Mediation Analysis Tutorial in R

Overview

In this tutorial, we will work through an overview of what mediation analysis is, it’s key principles and how to interpret the results of a mediation analysis. This article, will make use of a step-by-step example within R.

		
# Packages 
library("DiagrammeR") # Making Causal Diagrams
library("fixest") # Run the regressions
library("modelsummary") # Providing summary tables
library("readr") # Read in the data file

What is Mediation Analysis?

Imagine I am researching the relationship between income and happiness: X (Income) → Y (Happiness). I could do a regression analysis looking at this direct relationship.

		
		
	
# Creating The causal diagram (I ommitted the code of similar examples)
grViz("
digraph {
  graph []
  node [shape = plaintext]
    X [label = 'Income']
    Y [label = 'Happiness']
  edge [minlen = 2]
    X->Y
  { rank = same; X; Y }
}
")

	  
	
	  
	

However, upon closer examination, do you believe that money alone guarantees happiness?
Let’s hypothesize that higher income enables enjoyable spending, which, in turn, boosts happiness:
X (Income) → M (Enjoyable Spending) → Y (Happiness).

This is a classic case of mediation analysis.

Mediation analysis is a statistical method that examines the “how” and “why” behind observed relationships. It is used in economics, psychology, and other fields. It explores how independent variables (the X’s) influences the dependent variable (Y) through an intermediary: a mediator (M).

In essence, mediation analysis helps us understand the mechanisms at work that explain the relationship between variables. Furthermore, we can estimate how much a mediator mattered, by attributing part of the treatment effect to a mediator.

The Basics

Mediation analysis operates under the assumption of temporal precedence, meaning that it assumes changes in the treatment occurs before changes in the mediator, and changes in the mediator occur before changes in the outcome.

Mediation analysis differentiates between the total effect of a treatment variable (X) on an outcome (Y) into a direct and indirect effect through a mediator (M).

Total effect = Direct effect + Indirect effect

The process involves three key regression equations:

1. Total Effect: X → Y

Regression equation (1):

$Y = \beta_0 + \beta_1 X + \epsilon$

The significance of this relationship ($\beta_1$) indicates if X affects Y. if it doesn’t, and there is no strong theoretical backing, mediation is usually not explored further, as there is nothing to be investigated.

2. First Part Indirect Effect: X → M

Regression equation (2):

$M = \beta_0 + \beta_2 X + \epsilon$

This equation examines the first part of the indirect effect, establishing whether X impacts the mediator M. The significance of this relationship ($\beta_2$) indicates if X affects M. If X and M have no correlation, further research is not necessary.
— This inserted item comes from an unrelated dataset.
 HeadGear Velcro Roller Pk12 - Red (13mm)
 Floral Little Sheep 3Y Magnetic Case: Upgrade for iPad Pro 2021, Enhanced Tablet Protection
A mediation is only meaningful if X affects M.

3. Second Part Indirect Effect and Direct Effect: X + M → Y

Regression equation:

$Y = \beta_0 + \beta_4 X + \beta_3 M + \epsilon$

$\beta_3$ assesses the total indirect effect.
The direct effect can be defined as the change we would see in the outcome due to a change in the treatment variable if we keep the mediator variable constant. If the effect of X on Y, $\beta_4$, is non-significant or smaller than before $\beta_1$, then it suggests that M mediates the relationship of X and Y.

If the effect of X on Y completely disappears $\beta_4 = 0$, then M fully mediates between X and Y (full mediation). If the effect of X on Y still exists, but in a smaller magnitude, M partially mediates between X and Y (partial mediation). Thus, If a mediation effect exists, the effect of X on Y will disappear (or at least weaken) when M is included in the regression.

The relative size of the mediated effect can be assessed using the proportion mediated, which represents the size of the indirect effect estimated relative to the total effect estimated.

To validate a mediation effect, a Sobel Test runs two regressions:

How does the independent variable X influences the mediator M,
Assess how X and M affect the dependent variable Y. The test then compares these results to determine if the mediation effect is statistically significant.

Step by Step Example

In this part of the tutorial, we’ll explore the relationship between the increase in refrigerator ownership from 1940 to 1950 and women entering the workforce. Specifically, we want to understand how much of this rise in appliance adoption is due to an increase in household income. It will be a replication of the following study.

The variables used in the tutorial:

mech_fridge: Refrigator ownership (Y)
LFP: Women’s labor force participation (T)
ihs_hhinc: household income (M)
fac_highcas_y1950: wartime factory in a high casualty county (IV)

		
# Loading in the Dataset
data <- read_csv("~/Desktop/TSH/Tilburg Science Hub/Content/Development_Calls/Tutorial Mediation Analysis/Data/Replication Package/Replication code/Tutorial_Mediation_Analysis")
  
# Setting up Modelsummary 
gm <- list(
  list("raw" = "nobs", "clean" = "Sample size", "fmt" = 0),
  list("raw" = "r.squared", "clean" = "R<sup>2</sup>", "fmt" = 2),
  list("raw" = "adj.r.squared", "clean" = "Adjusted R<sup>2</sup>", "fmt" = 2))
notes <- c('*** = .01', '* = .1', '** = .05')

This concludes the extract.